Since I fall into the millennial generation, I use the verb “adulting” with a sly smile of irony whenever I do something like make a car payment or buy groceries. There was something else that made me feel like an adult this past weekend: I went to a housewarming party for a couple with whom I have been friends since high school. I am very good friends with the husband, and his wife and I get along well, but we have a bit of a past. Don’t worry, it wasn’t anything shady; I was just a jerk in high school.
When I moved to Minnesota for the second time, I was entering my sophomore year of high school. I tried to be funny to open up to people and sometimes that came out as making fun of other kids. I used to pick on the aforementioned girl in our social studies class, which is also where she met her future husband. She sometimes brings up the fact that I was so mean to her, and I always own up to it, so it has become more of an inside joke between us than any lasting antagonism. It usually doesn’t bother me, but when I was at the housewarming party, I looked around and saw all of the people who came to support and congratulate them in their achievement, and her comment dug a little deeper under my skin.
I couldn’t help but think, “What if I hadn’t been such a jerk in high school?” Would I have possibly found a relationship, settled down, or had a larger group of close friends instead of the few I have now? How much of a difference would that have made and what sort of trajectory would my life have taken if that had been the case? I don’t care to dwell on the past, but I do think looking back and admitting my many mistakes with the intent to learn from them is healthy. However, to obsess or wonder at what could have been only drags me down into a dark pit that blocks out all of the light in my life. I could be jealous of my friends, I could wallow and wish things had been different, but there is no point. I choose to be happy for them, to support them, and to continue to walk my path in life as I have. I know who I am, I know how I have acted toward other people and myself in the past, and I have no misconception of how I should be treated by them.

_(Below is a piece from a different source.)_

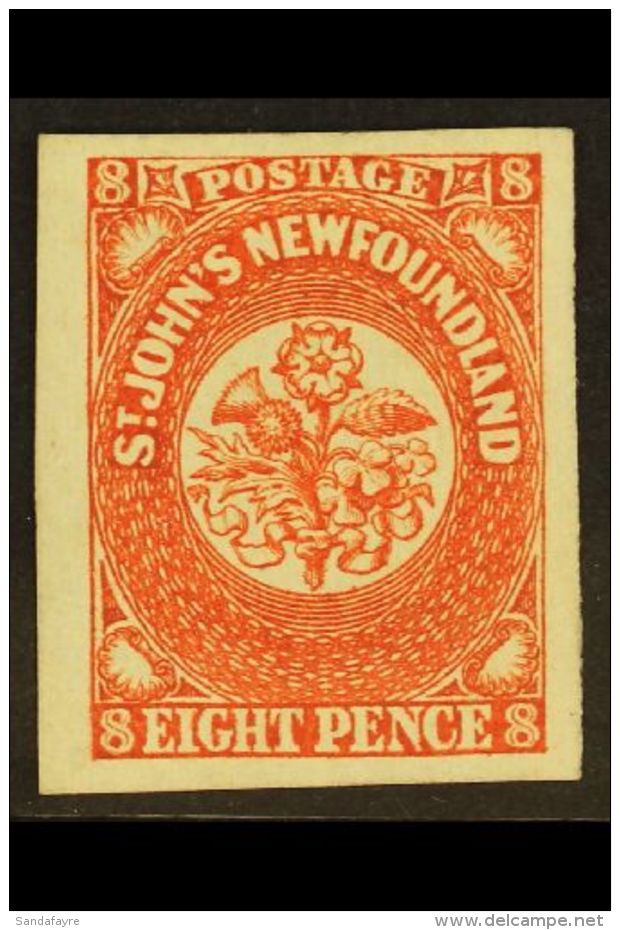 1857  8d Scarlet Vermilion, SG 8, Superb Mint No Gum. Fabulous Appearance With Huge Margins And Crisp Impression.... - Other & Unclassified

I have always existed on the fringe of my friend groups, as I have written about on here before, so it is something I have come to acknowledge and accept. Coincidentally enough, I was speaking with another friend from high school the day before the housewarming. She had asked if I knew who won Homecoming king and queen our senior year; she took PSEO classes full-time for her last two years and due to this wasn’t physically present at our high school. She posted the question publicly and there was a groundswell of people I knew from high school who commented. She eventually got the answer she was looking for, but in trying to find out and help her, I started to have some flashbacks to that time. There is a lot about me now that is totally different than the person I was, most of it for the better, but high school wasn’t a great time for me. There are a lot of bad memories, many of which involve my interaction with friends or girls, and I don’t particularly enjoy returning to them. However, the couple whose housewarming I attended are firmly rooted in that chapter of my life, so I was willing to bite the bullet and risk running into people who may not have the best memories or opinion of me in order to support my friends.
Part of me wonders if I really came off as badly in high school as I think I did; I know I can be hard on myself, especially with regard to how I interact with others or with my appearance. Part of me that assumes it was so much worse than I can even imagine, though the reality is most likely that people never gave me as much thought as I think they did (if that makes sense). I had some emotional issues and mental health problems that most certainly contributed to the way I interacted with others. I know enough to realize that it isn’t healthy to worry too much about what other people think just as it isn’t healthy to compare your idea of success to another person’s. We all have different paths to walk and destinations that we walk toward; to try and qualify ourselves based on where someone else is in their life is ridiculous and unnecessary. I won’t say it is easy to keep this perspective, but all I can hope is that I learn from the person I was and become a man I would want to meet.
In the end, I feel a twinge of guilt at how kind my friend and his wife are to me; they have a close group of friends that I am familiar with, but in which I wouldn’t include myself. Part of my issue with social media is seeing the people who were friends in high school still making time to be together all these years later; I know that I consciously walked away from that and can pinpoint the times when my path forked off. The girls I had crushes on move between relationships and despite the fact that many years have gone by, I am hesitant to reach out to connect when they are single; I still hold on to the image of myself as that weird teenager. My self-esteem withdraws and all I can think of is that they hold that same mental image of me as a teen; someone with mental health issues who doesn’t know how to deal with them and does strange things for attention. I am caught between leaving that world behind and making an attempt to show I am different now.
Regardless, the couple are both genuinely excited when we get together and they are a light in my life that gives me an example of what can go right in a relationship. I truly wish them all the success in the world because they are good people, and those seem to be few and far between these days. I will continue to support them and make my appreciation of their friendship known, and I will reject the impulse to be jealous; I was who I was in high school and have hopefully learned to be better. I don’t need to dig up and destroy my roots; I just need to make sure I don’t trip over them.